Выбрать главу

Повторяю, злыми глаза Олеши никогда не были. То были глаза лесного вольного зверя. Неприрученного. Непокорного и не принявшего мелкие нормы повседневности «к руководству».

Кукрыниксы в шарже на Юрия Карловича в начале тридцатых годов очень хорошо передали взгляд поэта. Они просто так и нарисовали на своем листе: радужная оболочка— белая (то есть не затемненная ничем бумага), а белки— серые, окрашены чуть-чуть углем. И вольную грацию фигуры, его легкий, полетный жест передали художники в этом рисунке.

Вообще он был похож только на самого себя во всех проявлениях своих и во всех чертах. И чувствовался в нем дух талантливого польского народа. Откровенная и зажигательная романтичность окрашивала и творчество и жизнь поэта.

У Юрия Карловича эти качества безмерно обогащены всем строем русской литературы, которую он, разумеется, знал и понимал поразительно: глубоко, широко и своеобразно. Не случайно, например, Театр Вахтангова именно Олеше заказал инсценировку «Идиота» Достоевского. В этой пьесе недостаточно было честно переписать в виде реплик персонажей диалоги оригинала или мысли автора. Требовалось проникновение в дух и строй великого произведения. И притом наряду с тонкой точностью (извините за неуклюжее сопоставление двух этих слов) желательна была еще и законченная изящность мысли и слога, которая не противоречила бы замыслам гения, а, наоборот, выражала бы их эффектнее, чем то возможно в прозе. Сцена есть сцена. И даже от Достоевского и Толстого она требует специфической стройности в новом построении сюжета. А если речь идет о романе, которому сам автор не придал драматургическую форму, литературное дарование инсценировщика обретает огромное значение. И правильно поступили вахтанговцы, привлекая к сценической интерпретации сложного и знаменитого создания великого писателя именно Олешу. Он полностью оправдал надежды театра.

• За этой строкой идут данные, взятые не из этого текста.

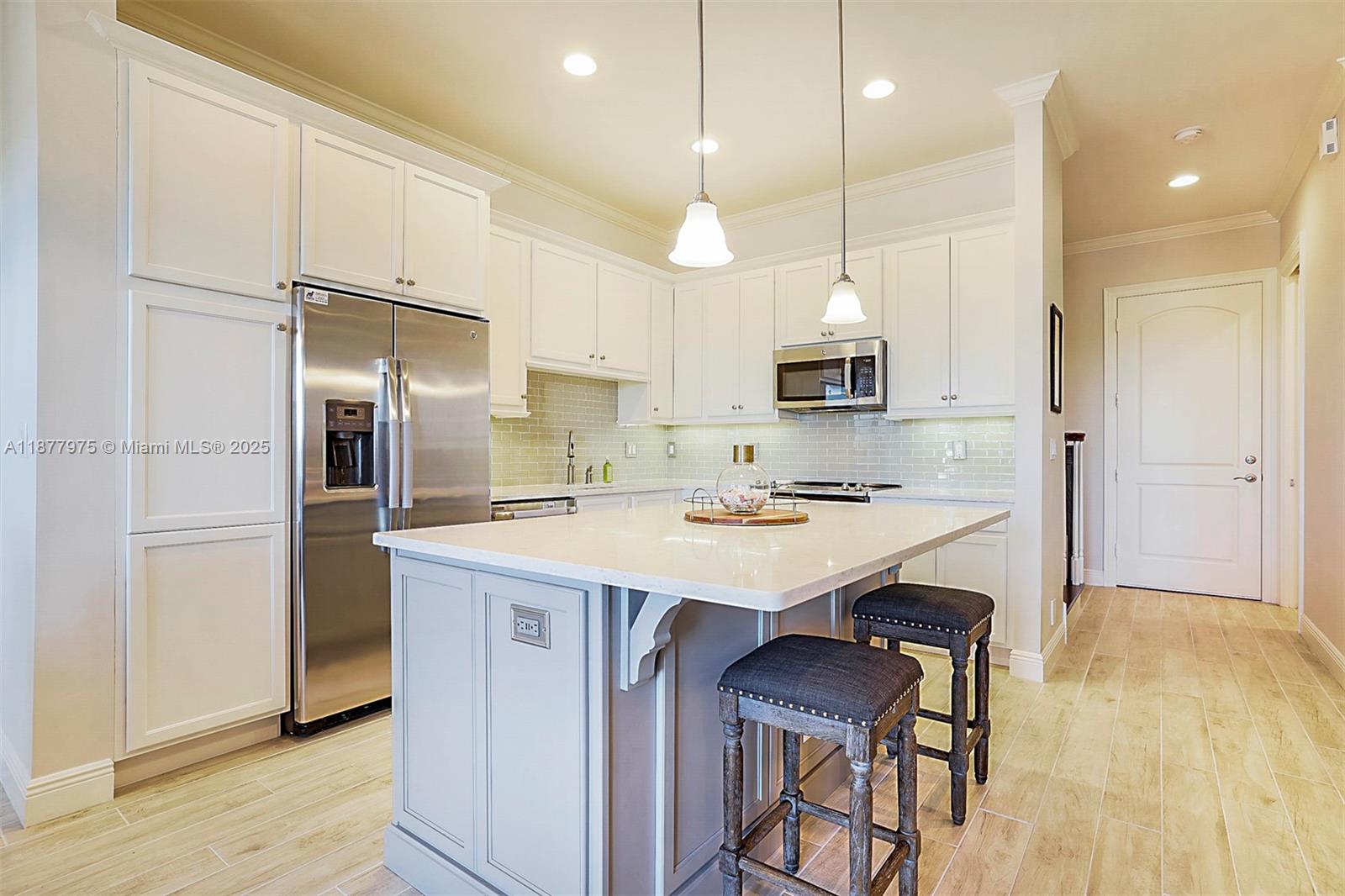 140 Ocean Breeze Dr Juno Beach, FL 33408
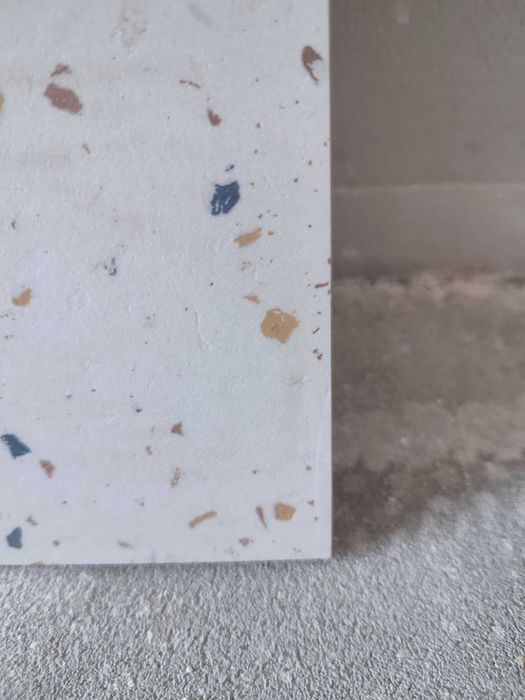 Gres szkliwiony Tubądzin Domino Micare mat 1 płyta 60x120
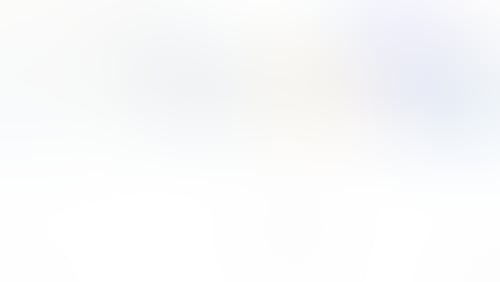 Figma
			                     ux ui design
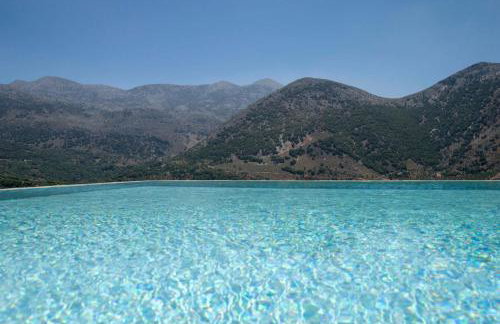 Aires Villa - Foto 8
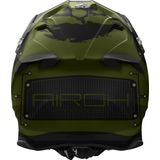 Airoh Twist 3 Military Motorcross Helm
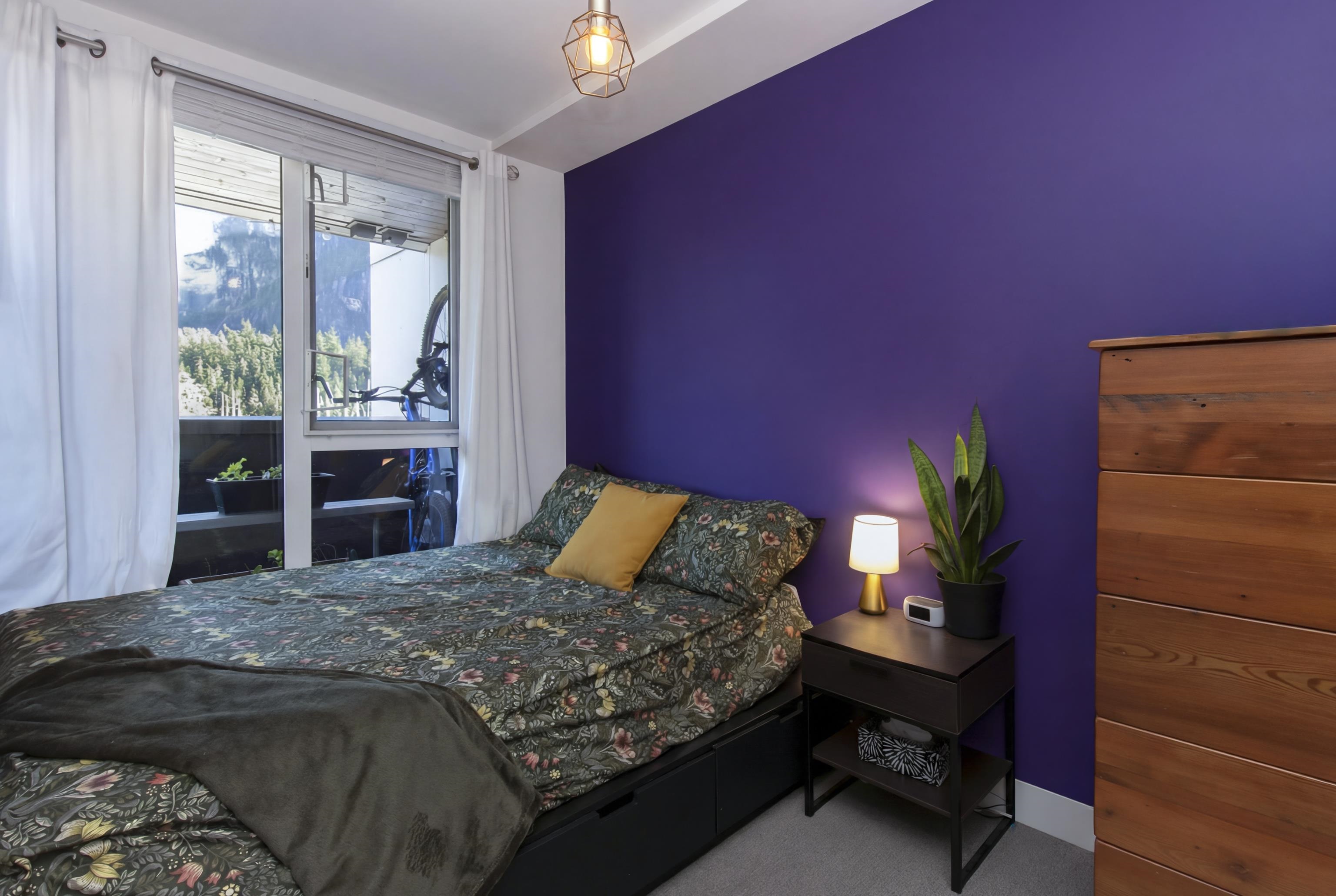Additional image 6 of 202-37881 Cleveland Avenue, Squamish, BC, V8B 0Z7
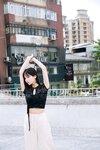[Photobook] けんけん【DL】我爱你写真集 [218P-1.46GB]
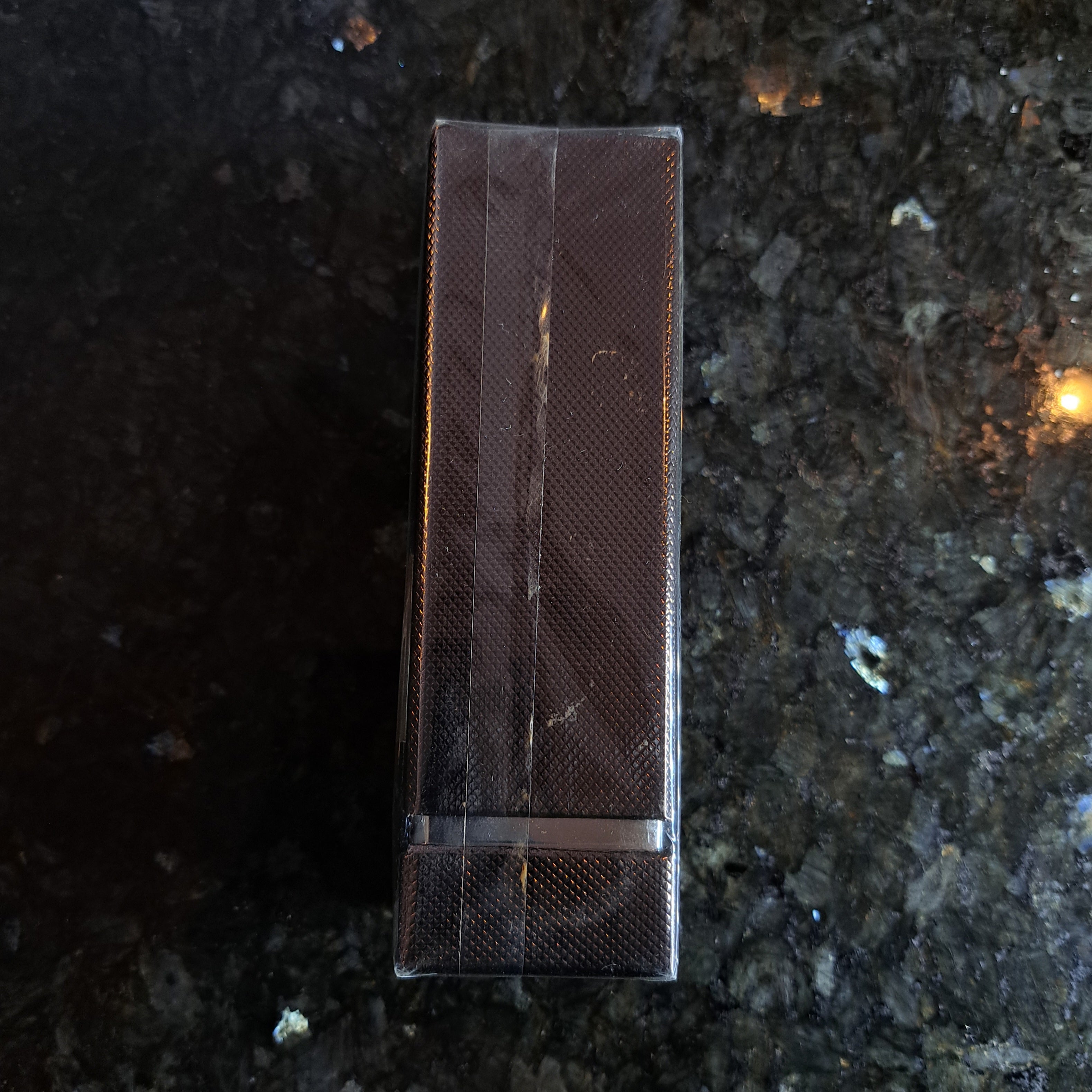 Tom Ford Private Blend TOBACCO OUD INTENSE Eau de Parfum 100 ml 3.4 fl.oz Sealed Very Rare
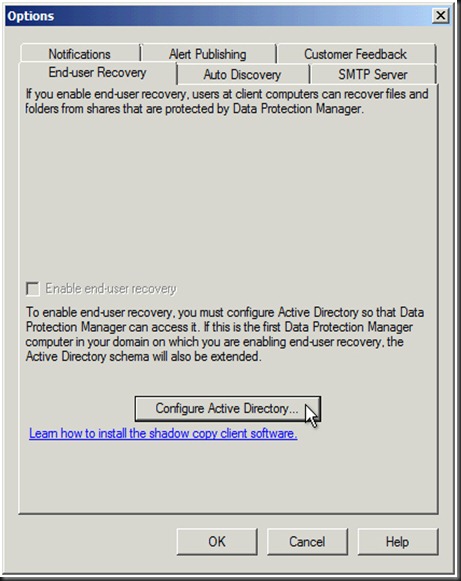 SC-DPM2010-48 SC-DPM2010-48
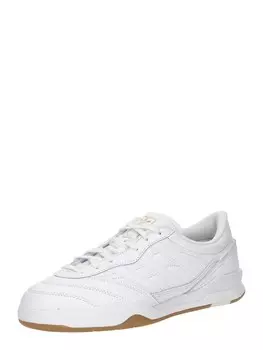 Кроссовки ADIDAS ORIGINALS MUNDIAL, белый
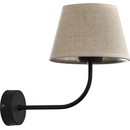 TK lighting 4186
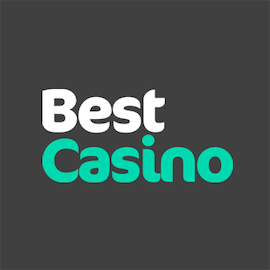 Bestcasino logo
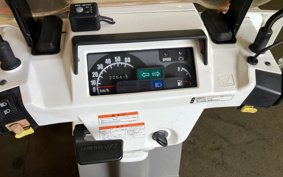 HONDA  GYRO X STANDARD  TD02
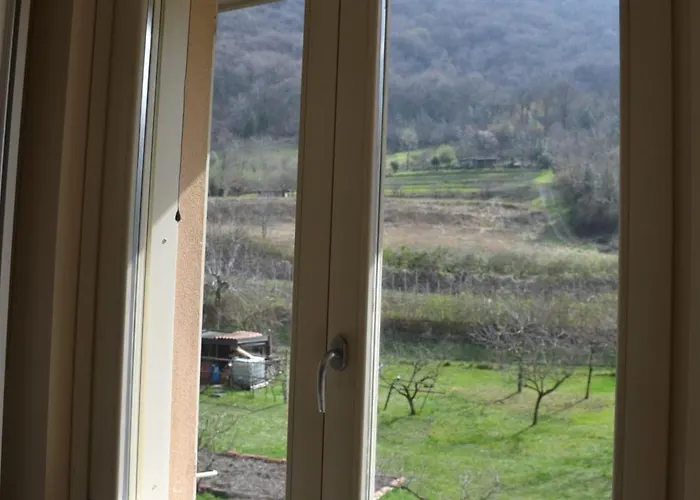 Daire Dolce Casa *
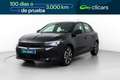 Opel Corsa 1.2T XHL S/S GS 100 Negro - thumbnail 1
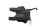 Boîtier de filtre à air, boîtier de filtre à air, boîte dadmission BMW R 1150 R R28 0429 01-06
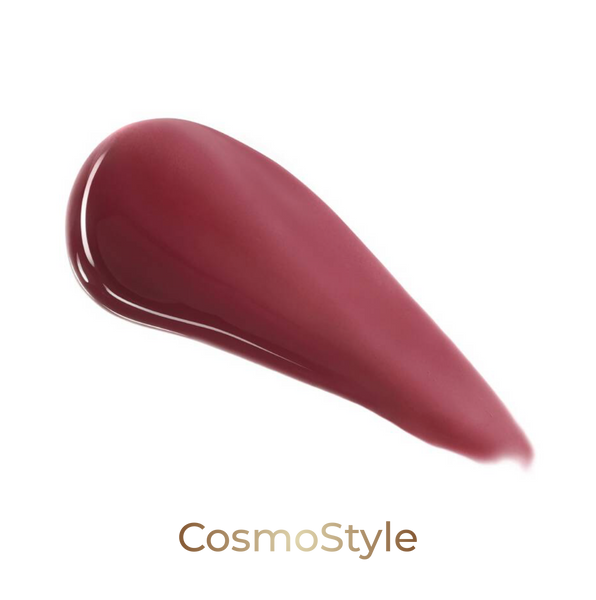 Тинт для губ Lancome L'Absolu Rouge Glaze Tintation 711 Mauvelious Girl 711 Mauvelious Girl фото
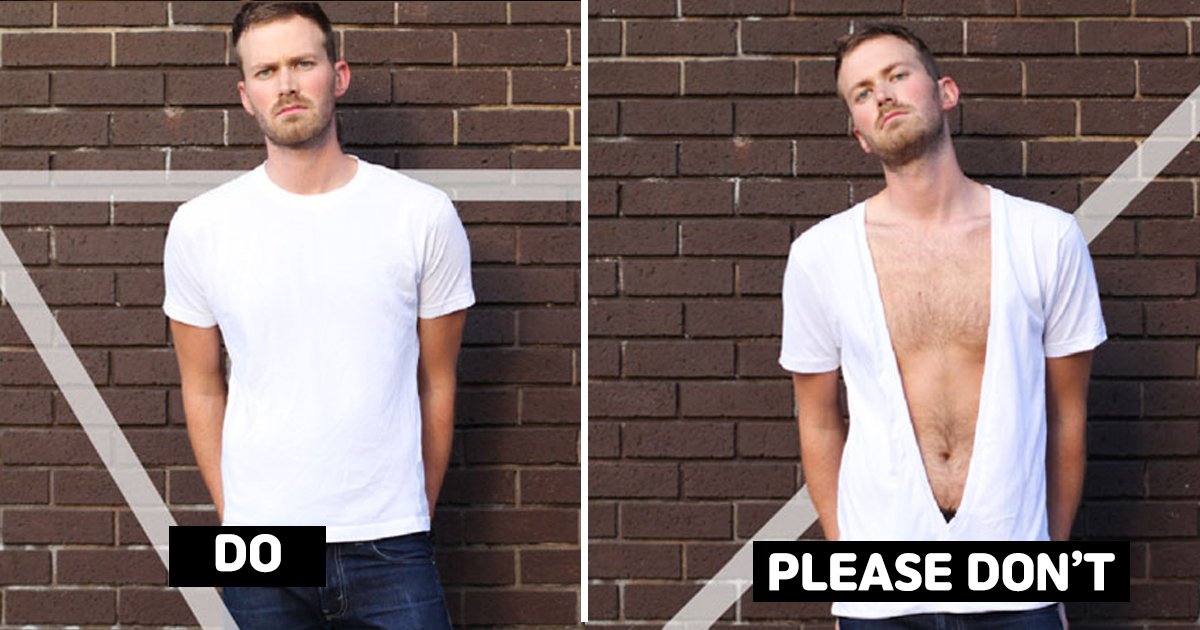 gsdgsgdsg.jpg?resize=412,232 - This Hilarious Guide On Men’s Fashion That Is Driving People Crazy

Оценка литературных трудов Олеши не входит в задачу моих заметок о нем. Но этот писатель больше, чем многие из его собратьев по перу, был органически единым индивидуумом и в своем творчестве, и в быту. Потому-то мне пришлось заговорить о сочинениях Олеши.

Да, Олеша писал поэтично. Но ему было чуждо «нагнетание» красок во что бы то ни стало. Помнится, я спросил у Юрия Карловича: как он оценивает прекраснописанки одного видного литератора, имеющего шумный успех благодаря тому, что все подробности его сочинений безупречно красивы? Олеша ответил, сморщившись, будто отведал чего-то невкусного:

— Слушайте, нельзя писать так красиво!..

Он не только говорил так: он и писал, привлекая в свои книги детали и характеры, поступки и чувства реальные, пусть и не совсем изящные. Произведения Олеши не ограничены жестким списком уже утвержденных кем-то красивостей. Поэтичность — то есть красоту — создает сам автор. И только так делается подлинная литература! А сладкописцев Олеша презирал.

Но он легко находил элементы поэзии в повседневности. Наверное, для многих будет новостью, что прелестное имя девочки-циркачки из «Трех толстяков» — Суок — есть фамилия жены Юрия Карловича. Да, Ольга Густавовна Суок была верной спутницей жизни для нашего друга. А ее сестра, Лидия Густавовна, в ранней молодости соединила свою судьбу с Эдуардом Багрицким. И третья сестра- Серафима Густавовна — состоит в браке с Виктором Борисовичем Шкловским.

Нужно чуткое ухо поэта, чтобы в двух необычайных слогах фамилии близкого человека уловить романтическое имя почти что феи: полуребенка-полудевочки из сказки.